23.10.2009 Könnten nicht alle Männer Franzosen sein? II

Kumar und ich gehen in einen Club. Wir sind dort mit Freunden von ihm verabredet. Ich trinke ein Bier, sehe den Leuten beim Tanzen zu und der Band beim Spielen. Ich kann den Stil nicht zuordnen: Ein E-Bass und eine E-Gitarre, kaum Variation der Akkorde. Trotzdem reißt mich die Musik mit. Ich beobachte die beiden Musiker, wie sie spielen, ihre Bewegungen, ihre Hingabe.

In diesem Club passiert mir etwas, was mir in deutschen Clubs nur selten passiert. Ich werde von Männern angesprochen.
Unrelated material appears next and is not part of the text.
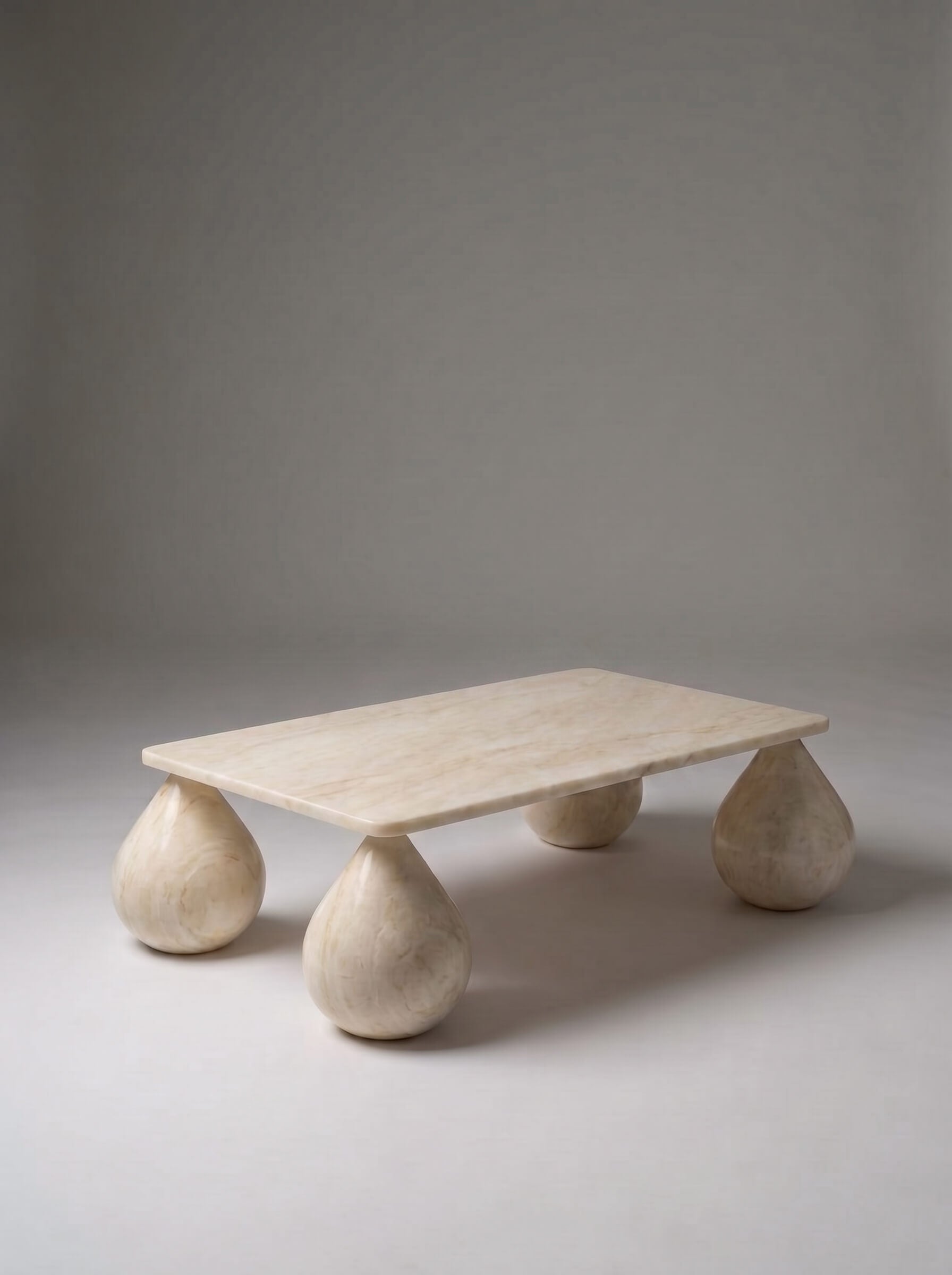 A low rectangular stone coffee table with rounded teardrop-shaped legs, made from a light beige natural stone, photographed on a neutral gray studio background.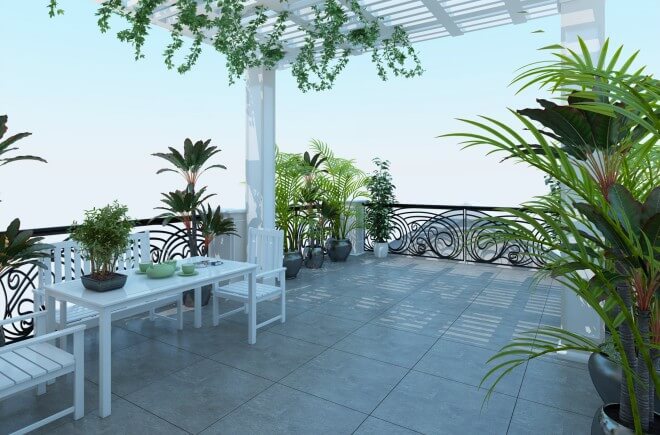 Không gian sân thượng nhà ống thiết kế thoáng mát kết hợp cây xanh tạo phong cảnh và là nơi thư giãn cho các thành viên trong gia đình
Sie wollen mit mir tanzen, fangen an, mit mir zu reden.

Ich weiß nicht, ob es an meiner Größe liegt, aber das passiert mir sonst selten. Angesehen werde ich, oh ja! Aber niemals angesprochen. Ich habe keinen Zweifel daran, weshalb sie es tun. Es ist mir egal. Die Einladungen und das Interesse mit mir zu tanzen schmeicheln mir und ich genieße es in vollen Zügen. Allerdings bin ich noch zu deutsch, um einfach «Oui» zu sagen und mit ihnen zu tanzen.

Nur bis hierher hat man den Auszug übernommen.